Lavadeira do José da Costa
Com a recente luta no país dos pequenos e médios empresários camionistas tendo em vista a redução dos encargos, fundamentalmente com o dos combustíveis, surgiu-me uma vaga ideia de que, há época, também houve problemas com os combustíveis em Tite. Sonhei ou creio ter ouvido falar que uns bidões de gasóleo desapareciam (?) nos dias em que um comerciante se oferecia para quartos de sentinela perto do local onde o arame farpado estava disfarçadamente cortado.

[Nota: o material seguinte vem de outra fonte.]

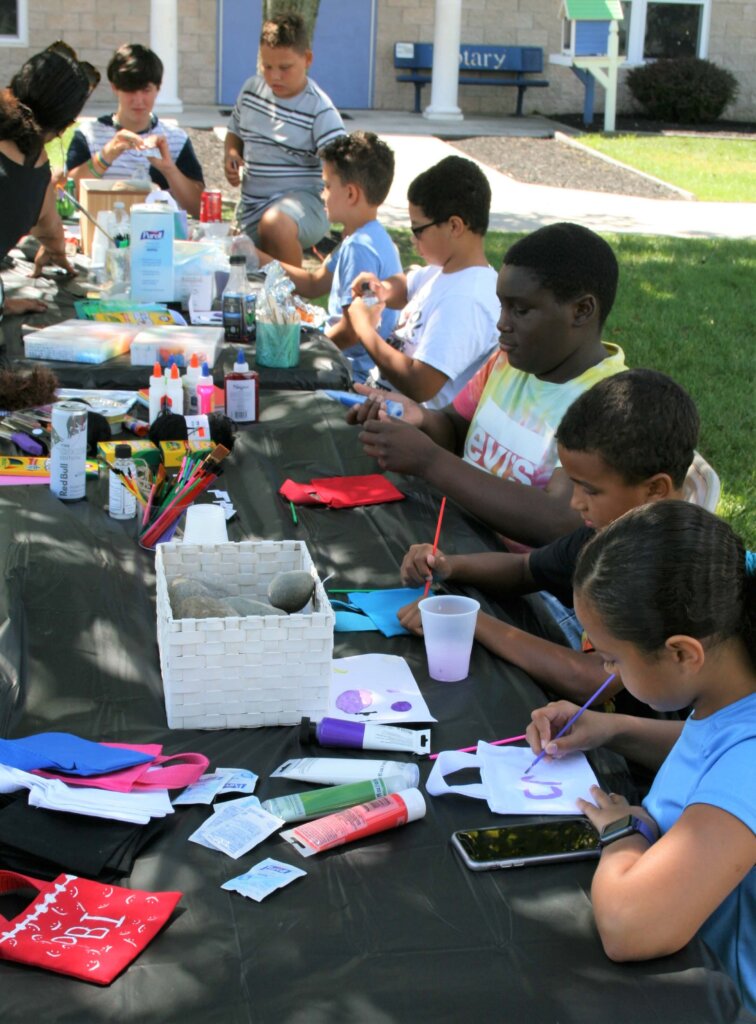 Children paint rocks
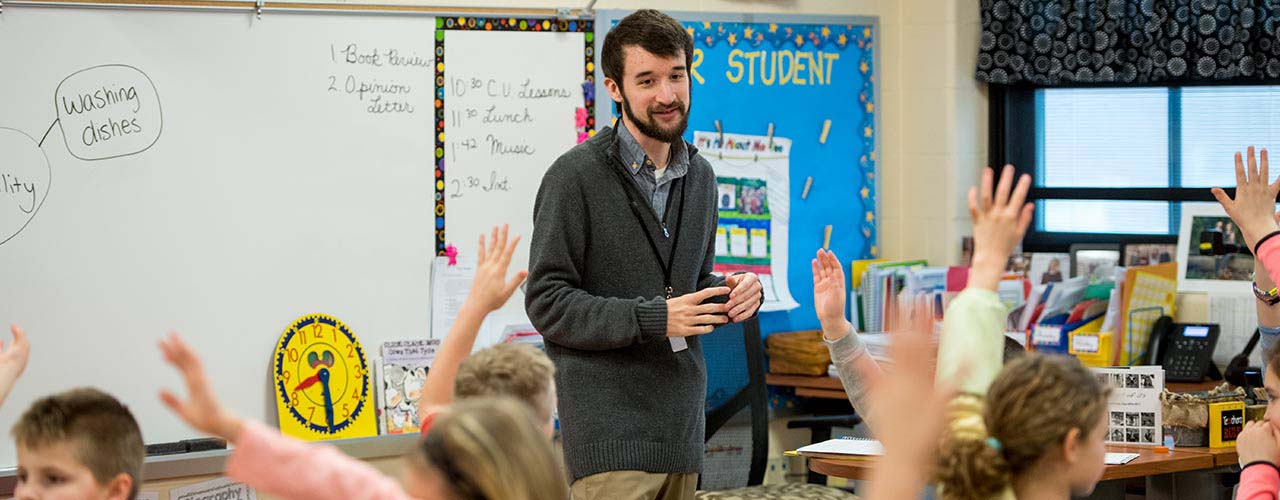 Male education student helps with class as part of field experience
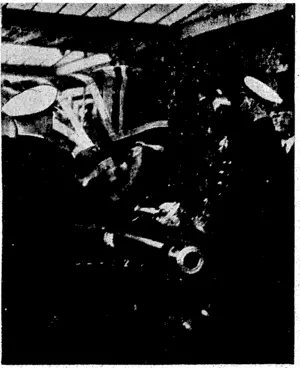 Captain W. E. Parry, C.8., commander of H.M.S.' Achilles, covering the-coffin of'the late Prime/Minister with the New Zealand ensign which ivas flown' by the 'Achilles in the battle with^ the. Admiral Graf Spec. (Evening Post, 01 April 1940)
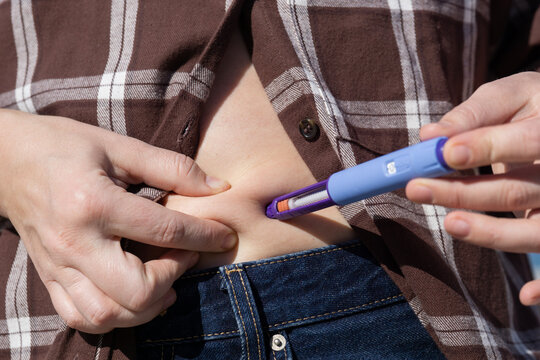 insulin injection pen semaglutide medication blue medical device of slim woman injecting abdomen with glp 1 diabetes treatment at home natural light healthy lifestyle with copy space for banner design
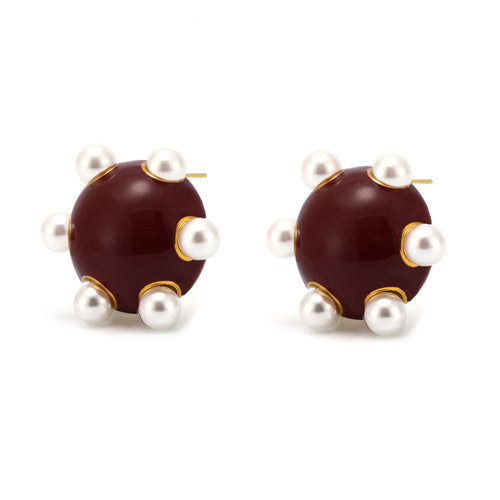 Angry statement gold stud earrings featuring dark brown round studs with white pearl accents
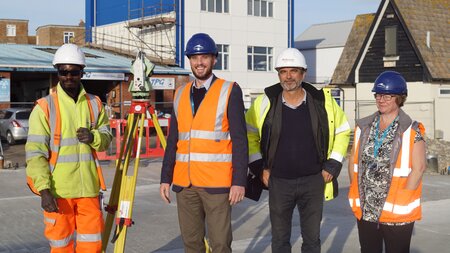 Four people standing in a row, one person is holding a level. They all wear high vis and hard hats.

Bom, como a esmagadora maioria do pessoal não tinha necessidade do gasóleo, não tinham carros para atestar, a não ser o dito cujo comerciante, não é desta cena que vos quero recordar, mas sim das “lavadeiras” de Tite.
Como estão recordados, as chamadas “lavadeiras” de Tite, ao pessoal que estava de “passagem” por aquelas bandas, desde que contratadas obviamente, lavavam mas também engomavam, emendavam ou cosiam o vestuário que lhes entregavam sobretudo fardamento militar. Algumas das “lavadeiras” de Tite faziam muito mais que isto. São outras histórias que, para agora, creio, também, já não interessam.
A palhoça da minha lavadeira estava situada na direcção da tasca do branco Silva, ou seja, na área da tabanca dos indígenas de etnia fula. A Maimunda era casada, o seu pai era o chefe da tabanca o marido agricultor, tinha três filhos, dois rapazes e uma rapariga, onde o mais velho, que estava em casa de familiares em Bissau, era estudante. Dava para perceber que os restantes, logo que tivessem idade, lhes seguiriam o mesmo caminho. Tinha um número considerável de “fregueses”, por isso pouco trabalhava no campo, estas tarefas eram imputadas a outras duas mulheres mais novas, também casadas com o seu marido de quem já tinham filhos de “colo”, servindo de aia ás suas companheiras na “vivenda”.
Cá para o rapaz, quando não dormia na cama de lona existente à porta da palhoça, segurada por dois dos prumos que sustentavam o tecto, a “minha” lavadeira, tinha comigo momentos de conversa muito interessantes que só anos mais tarde os vim a perceber em toda a sua plenitude estando-lhe grato pela simpatia que ela e sua família me dispensaram.
Um dia, recordo, no conjunto familiar, depois de almoçarmos, estava uma mulher que nunca antes avistara, que ao mostrar-lhe fotografias, que comigo levara onde me retratava com a minha namorada no interior de um automóvel que disse ser meu, na verdade não era, perguntou-me fixando bem a minha face,
“Diz-me qual é a razão da vossa presença neste país?”
Estamos aqui para vos defender, disse convicto.
Não me pareceu satisfeita com a resposta.
Com os olhos rasos de água, retorquiu: “Já pensaste que se não vos mandassem para cá não existia esta guerra, que os nossos rapazes não eram forçados a combater-vos, que os nossos haveres e produtos agrícolas não era roubados quer por uns quer por outros?”
Fiquei incomodado. Mais tarde vim a saber que era professora primária em Bissau.
E o que penso eu disso já há largos anos?
Minha querida professora primária, continuo sem saber quem tu és, sabes uma coisa…. Tinhas toda a razão.